#### Work item:
The stretch from the line with "白翅抖尾地雀(Cinclodes atacamensis)" through the line with "Giraffa camelopardalis thornicrofti" in the records below: write it out exactly, and nothing else.

#### Extracted records:
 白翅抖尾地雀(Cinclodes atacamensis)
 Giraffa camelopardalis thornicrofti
...
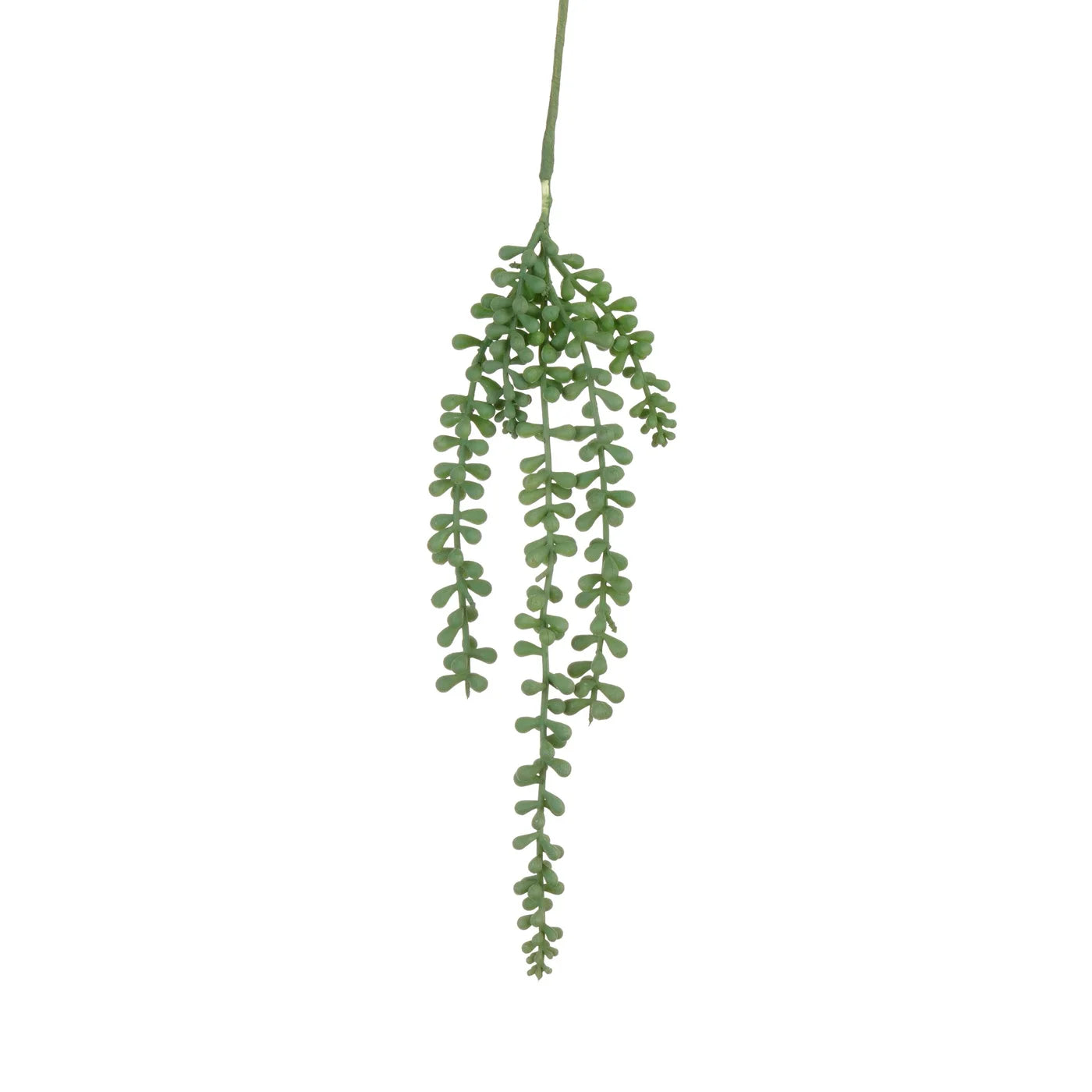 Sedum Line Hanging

#### Result of the task:
 白翅抖尾地雀(Cinclodes atacamensis)
 Giraffa camelopardalis thornicrofti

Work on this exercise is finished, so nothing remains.